Sylvester, who has covered wildfires as well as the still-active Kilauea eruptions in Hawaii, says photojournalists reporting on disasters should keep three things in mind to avoid taking morally questionable images: "Can the people in your photos rationally feel exploited or taken advantage of? If you are sharing your work widely, you should be asking yourself, is there a real public purpose to it? And then, are you creating situations that put first responders' lives in danger?"
Mika McKinnon, who has learned to avoid accidental exploitation after years of volunteering in and researching disaster zones, points out that, if someone is at a disaster site by choice—if they "went out of their way to visit a disaster in order to gawk at it"—it may not be their story to tell. For instance, Hawaii's Department of Land and Natural Resources has arrested 40 "lava chasers," including tourists, for loitering in lava zones since the Kilauea eruptions began.
When she presents on disasters, McKinnon warns viewers about sensitive material and lets them choose whether to see it: "I accidentally developed this approach because I was giving real-life disasters as examples in my talks, and it turned out that a six-year-old kid in my audience had her grandmother die in the landslide I was talking about. You don't want to make a six-year-old sob hysterically."
When it comes to avoiding re-traumatization, "we don't have really firm best practices," McKinnon says.
For every 10-second news clip of extreme damage, there are many more moments of people suffering the subtler consequences of those extremes. But people suffering the impacts of natural disaster can ethically communicate the drama they've experienced—and when handled with enough sensitivity, these images can be hugely influential. Sharing photos can build empathy, which increases the likelihood of outside assistance, McKinnon says.
When people take photos of a moment of celebration during a disaster, it doesn't mean they've forgotten all the pain nearby: "They aren't thinking, 'Oh, score, I've got the most dramatic backdrop ever'—they're trying to deal with their life going on," McKinnon says. "Not everything goes on hold just because things have gone sideways."
Iconic photojournalism from past fires reflects that value. Sylvester appreciates the images of golfers playing during Oregon's Eagle Creek fire last year, and beside the current Kilauea fallout. "These photos catch public attention because they show there's no dividing line between normal life and disaster, and that really brings home for people that this can affect all of us," he says.
Both Sara Kramer and photographer Alexi Hubbell echo that sentiment in their Instagram photo captions, which call out the many firefighters battling the flames, and suggest ways to help Durango residents through tourism.

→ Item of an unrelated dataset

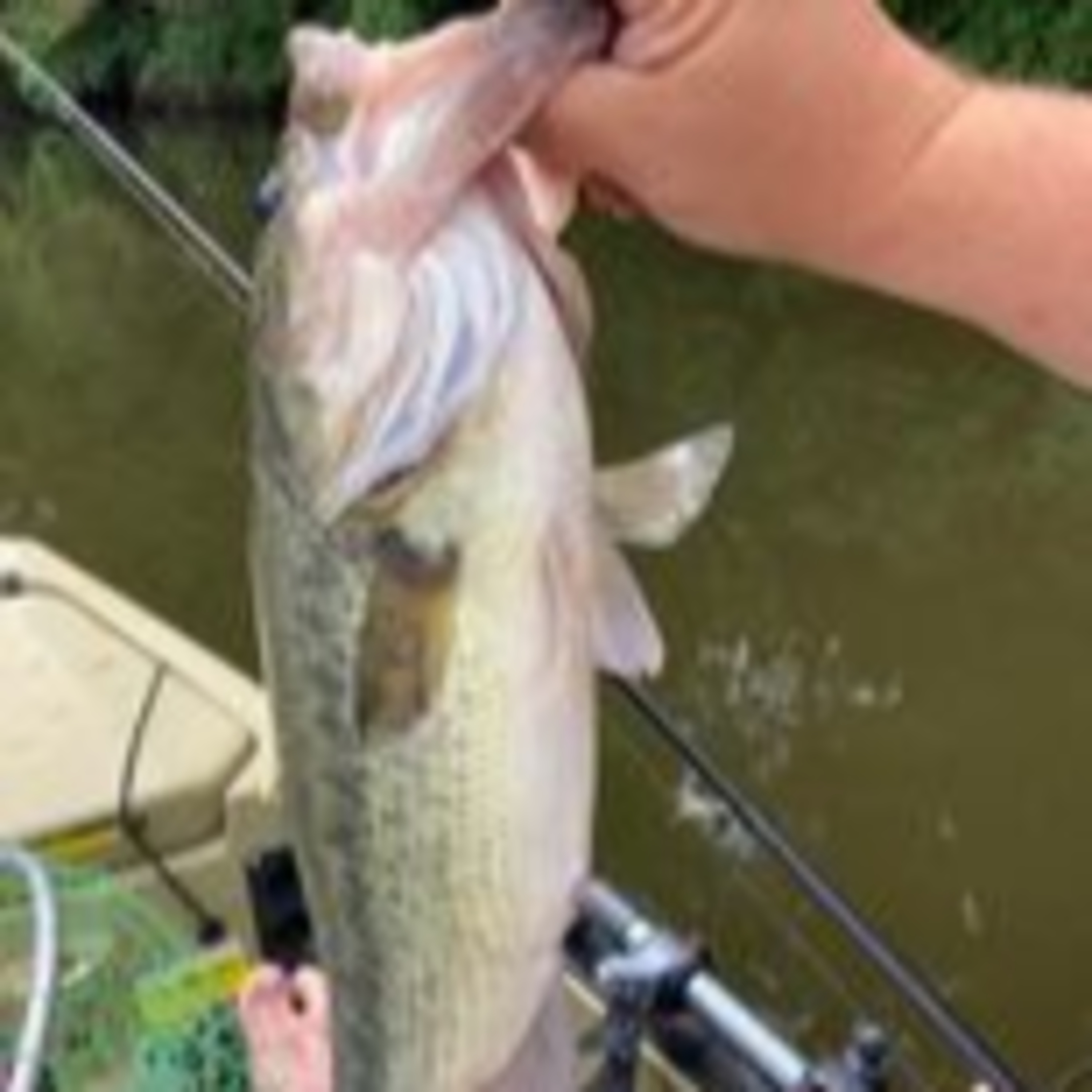 Early Spring Bass Fishin Round Table!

In the end, McKinnon says purposefully excluding the fire from photos would be wrong in a different way: "Real life isn't Instagram-perfect and you have to reflect your reality. If it's happening anyway and you're in a safe space, and you're not harming others or exploiting the harm of others, then you might as well," she says. "[The fire] will be in their memories forever," McKinnon adds, "so shouldn't it also be in their photography?"